# Prior Years of Service of Former Canadian Forces Members



## maniac (17 Apr 2012)

For those now in the Public Service,  your military service time will be used for the purpose of leave credit calculations.  Don't think they did this to make anyone happy,  they lost a grievance in 2010 to the RCMP and a few vets decided to take them also.  This is regardless of whether or not priority hiring was used.  It's on a going forward basis and is implemented 1 Apr 2012.  Translates to not retroactive,  it's still being decided on how it's going to work.  Here's the quote from UNDE below: 

Federal budget 2012 announced that effective April 1, 2012, prior years of service of former Canadian Forces members will be taken into account for purposes of calculating annual leave credits for those members now employed in the federal public service.
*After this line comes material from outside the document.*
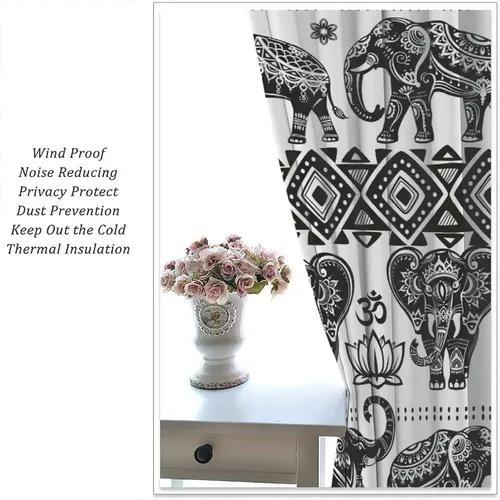 Miniatura 5 de Cortinas opacas de elefante, estilo étnico indio, bohemio, flores de loto de elefante blanco y negro, divertidas cortinas con patrón de animales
The UNDE national office is receiving several inquiries regarding the above noted federal budget provision.

There are former military members employed in many government departments. UNDE has not been advised by DND or the Bargaining Agent on the details of how the employer, Treasury Board, will start implementing the changes.

It is anticipated that all eligible staff will be contacted by the employer to provide information on their past military service so that their personnel profiles can be updated and the new leave calculations done. UNDE will ensure that as more details become available that this information will be immediately communicated to UNDE members for their information.


----------